On reprochera surtout au jeu quelques disparitions de sprites, notamment sur les boss qui sont forcément plus gros que la moyenne. Après il est certain que le jeu aurait pu être encore meilleur quand on voit certains décors de fond assez moches (niveau 2) ou le vaisseau amiral (niveau 4) pas forcément super bien fait.

On regrette aussi la suppression du dessin animé de présentation par rapport à la version CD. Certes cela aurait été compliqué, mais ils auraient pu le faire en type Comics avec quelques petites animations. Valis III y arrivait très bien avant lui, et Wolf Team l'avait déjà fait pour d'autres jeux, comme Arcus Odyssey par exemple.

En tout cas, on ne peut que saluer le fait d'avoir un jeu strictement identique à la version CD d'un point de vue esthétique. La bande son ne jouit pas de l'orchestration plus travaillée qu'un support CD permet, mais elle reste extrêmement fidèle à l'original et offre quelques musiques sympa. Même les bruitages passent plutôt bien.

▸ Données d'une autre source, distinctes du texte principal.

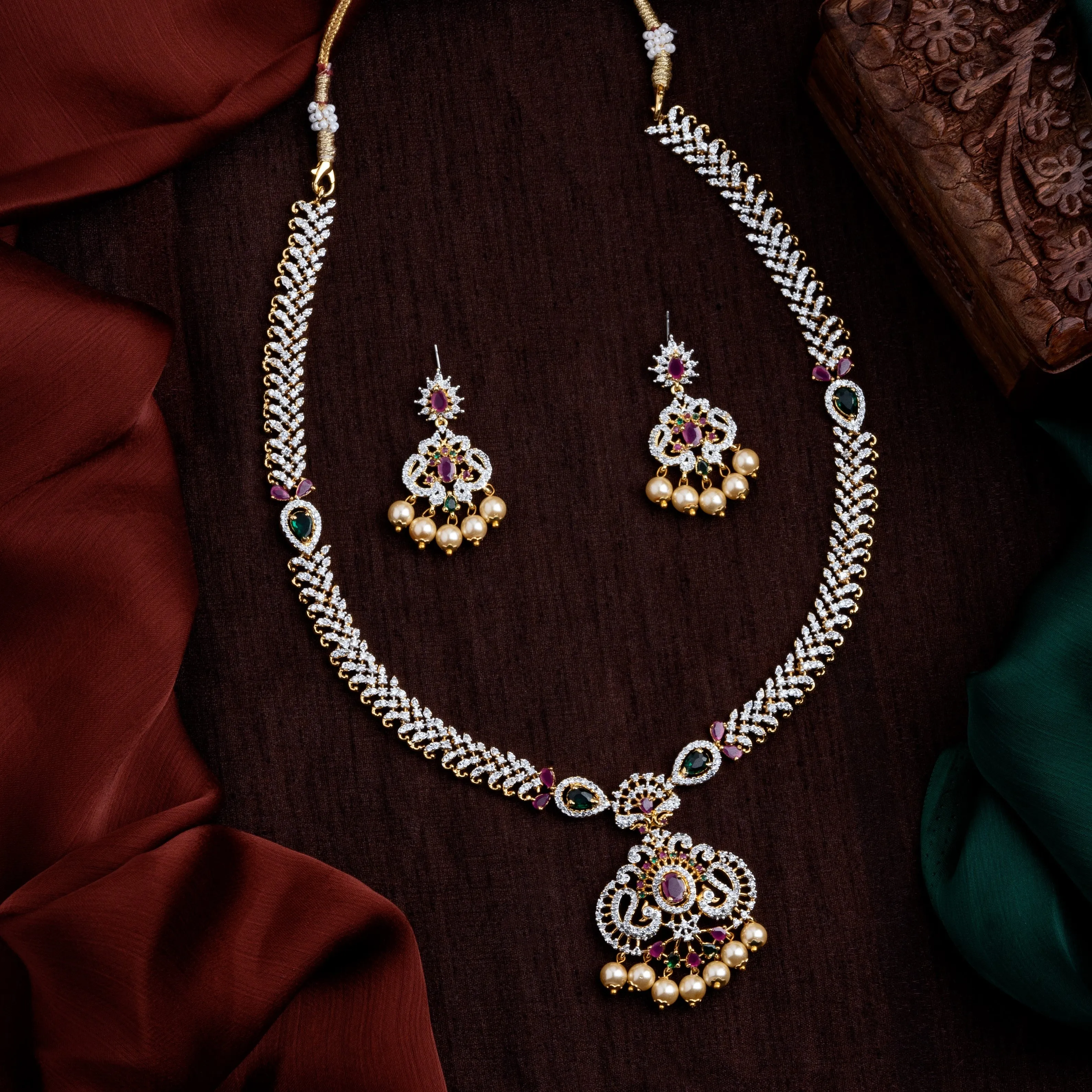 Estele Gold Plated CZ Peacock Inspired Long Necklace set with Pearls & Colored stones for Women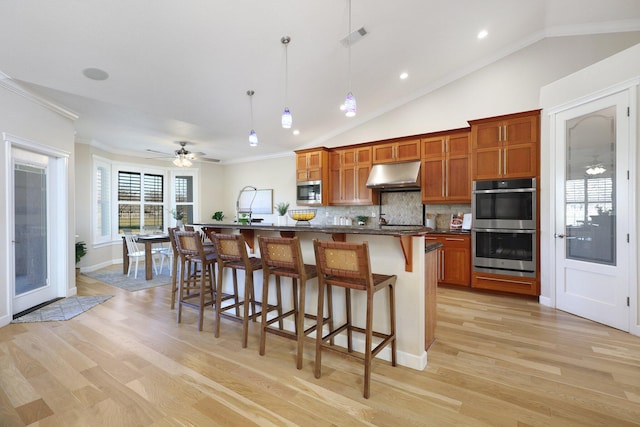 kitchen featuring a kitchen bar, backsplash, ceiling fan, a center island with sink, and hanging light fixtures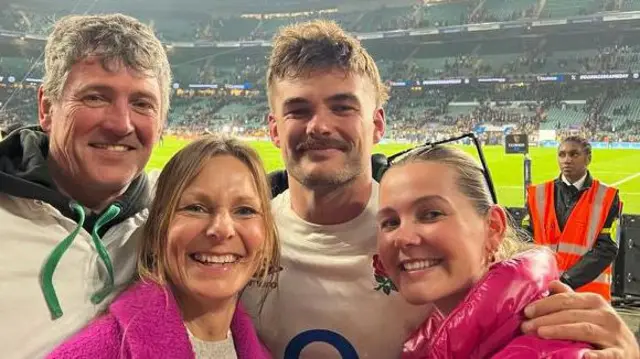 Four people are standing in front of a pitch where a team has played rugby. They are all smiling.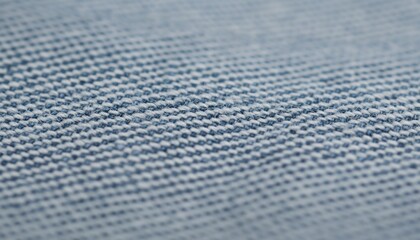 Close-up view of denim fabric texture, showcasing the weave and shades of blue and white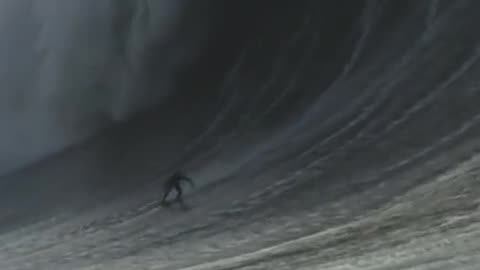 Astonishing footage of surfer Mason Hyce Barnes riding an enormous wave off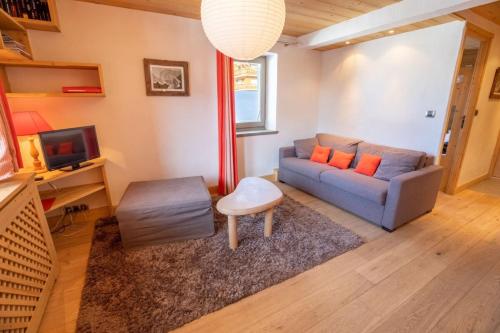a living room with a couch and a tv at Chantemerle 6 in Méribel
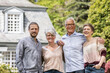 © MiJo/Westend61 - Happy senior couple with adult children standing in garden of their home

En clair, Sol Deace souffle un peu le chaud et le froid tant certains décors auraient mérité plus de soins ou de folie ainsi que certains boss, mais quelques stages valent le coup d'œil et l'ensemble reste franchement dans une très bonne moyenne.

Si vous avez déjà terminé dans tous les sens les meilleurs shoots de la Mega Drive que sont les Thunder Force, Gaiares, Gynoug et autres titres cultes de la machine, Sol-Deace mérite votre attention. Loin d'être mauvais, sans être excellent, on passe un bon petit moment sur ce shoot qui aurait mérité un peu de folie, mais qui dispose de quelques arguments en sa faveur et une ambiance qui tient largement la route. Si par contre vous avez la chance d'avoir un Mega-CD, préférez cet opus pour bénéficier d'une vraie intro et d'une bande son remaniée.

Verdict

6

Points forts

  • Quelques effets réussis de distorsion
  • Graphiquement oscillant entre moyen et sympa
  • Identique visuellement à la version CD
  • Une fin exclusive
  • Une bonne ambiance
  • Une belle jaquette

Points faibles

  • Dessins animés en moins
  • Armement simpliste
  • Crédits infinis, réduit forcément la difficulté
  • Un dernier boss moche et sans intérêt
  • Manque d'un brin de folie
Avis des joueurs :
Note moyenne Nb avis
Mega Drive 6.0 2

Commentaires

Sympa le test,et d'accord avec je l'ai complet sur Md,il est pas mal,mais effectivement ca manque d'un brin de folie !
Rage, 22 nov 2018 - 12:25
Merci pour ce test. Dans mon cas perso je connaissais que la version MCD. Un jeu que j'apprécie mais qui n'est pas dans le top il est vrai
je trouve la version MD meilleure en ce qui me concerne. les musiques y sont plus pêchues et surtout avec les sonorités Wolfteam, ce que le CD perd. Ok on y perd l'intro, mais qui les regarde a chaque fois?